The Dymock Arms has been a location I've passed many times. Recently fencing has been placed around the entrance which leads me to believe the site may be demolished or hopefully rebuilt soon. Passing on a Sunday bike ride I took the opportunity to explore further although id highly suggest not exploring in full bike gear due to it being highly impractical.

Situated on the main road in a small welsh village i'm surprised nothing has happened with the building sooner, cries for renovation have gone unheard from the locals multiple times.

Being a fairly small site I circled the building to look for an access point, the building is securely nailed down (minus the obvious missing roof). I think the condition of the building is testament to the local area and the people who live there, on the site you will find no graffiti or extra damaged caused and even the shed in the rear still contains barrels and boxes.

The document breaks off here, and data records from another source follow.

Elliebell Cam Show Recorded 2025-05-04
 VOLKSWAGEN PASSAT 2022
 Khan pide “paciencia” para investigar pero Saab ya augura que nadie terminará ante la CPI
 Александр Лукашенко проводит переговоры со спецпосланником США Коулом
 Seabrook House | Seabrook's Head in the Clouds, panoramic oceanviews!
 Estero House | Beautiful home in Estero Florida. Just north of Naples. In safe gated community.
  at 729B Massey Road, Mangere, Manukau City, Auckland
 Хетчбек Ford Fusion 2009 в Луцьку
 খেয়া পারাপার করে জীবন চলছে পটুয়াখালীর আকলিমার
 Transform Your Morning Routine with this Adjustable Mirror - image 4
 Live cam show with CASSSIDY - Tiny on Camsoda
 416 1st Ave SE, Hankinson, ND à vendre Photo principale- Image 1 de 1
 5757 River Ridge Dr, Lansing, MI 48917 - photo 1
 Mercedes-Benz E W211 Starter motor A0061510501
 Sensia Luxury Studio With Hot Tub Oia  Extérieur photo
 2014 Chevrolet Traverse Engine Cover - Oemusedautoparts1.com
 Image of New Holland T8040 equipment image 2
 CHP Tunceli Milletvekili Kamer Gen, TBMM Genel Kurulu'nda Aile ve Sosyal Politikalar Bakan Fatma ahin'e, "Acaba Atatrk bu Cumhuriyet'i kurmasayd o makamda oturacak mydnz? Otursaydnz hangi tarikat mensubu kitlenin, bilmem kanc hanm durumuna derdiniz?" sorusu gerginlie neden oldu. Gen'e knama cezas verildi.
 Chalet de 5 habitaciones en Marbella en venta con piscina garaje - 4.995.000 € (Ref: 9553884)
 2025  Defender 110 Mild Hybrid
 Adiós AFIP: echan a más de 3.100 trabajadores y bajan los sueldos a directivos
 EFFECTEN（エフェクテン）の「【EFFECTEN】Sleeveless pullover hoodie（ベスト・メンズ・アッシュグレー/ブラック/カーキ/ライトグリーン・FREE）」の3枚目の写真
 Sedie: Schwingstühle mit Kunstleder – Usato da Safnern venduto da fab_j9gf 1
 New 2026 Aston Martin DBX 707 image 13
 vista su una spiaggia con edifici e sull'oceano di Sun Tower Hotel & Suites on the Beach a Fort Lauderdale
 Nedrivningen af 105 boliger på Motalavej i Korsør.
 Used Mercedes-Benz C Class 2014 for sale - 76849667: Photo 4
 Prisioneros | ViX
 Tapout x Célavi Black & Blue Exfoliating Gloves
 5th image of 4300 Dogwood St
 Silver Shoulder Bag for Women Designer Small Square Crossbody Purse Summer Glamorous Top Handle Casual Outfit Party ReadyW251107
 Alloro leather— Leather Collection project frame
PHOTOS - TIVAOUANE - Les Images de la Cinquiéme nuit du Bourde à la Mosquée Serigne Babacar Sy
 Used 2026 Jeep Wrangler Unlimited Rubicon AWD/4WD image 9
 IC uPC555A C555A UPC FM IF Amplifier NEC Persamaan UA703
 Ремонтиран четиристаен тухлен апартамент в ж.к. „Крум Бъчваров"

Peering through a side door you can see the stripped back interior with the remains of a fire place, next to this entrance is a staircase that leads up to the upper floor of the building, presumably once a fire escape/rear entrance.

A fairly small and quick explore but one I don't regret!

*More photos at:* www.UrbanX.co.uk


----------



## smiler (May 4, 2015)

Nicely Done, I enjoyed it, Thanks


----------



## UrbanX (May 5, 2015)

Nice one, thanks for sharing!


----------



## flyboys90 (May 5, 2015)

It's sad but there goes another pub,brill shots thanks for sharing.


----------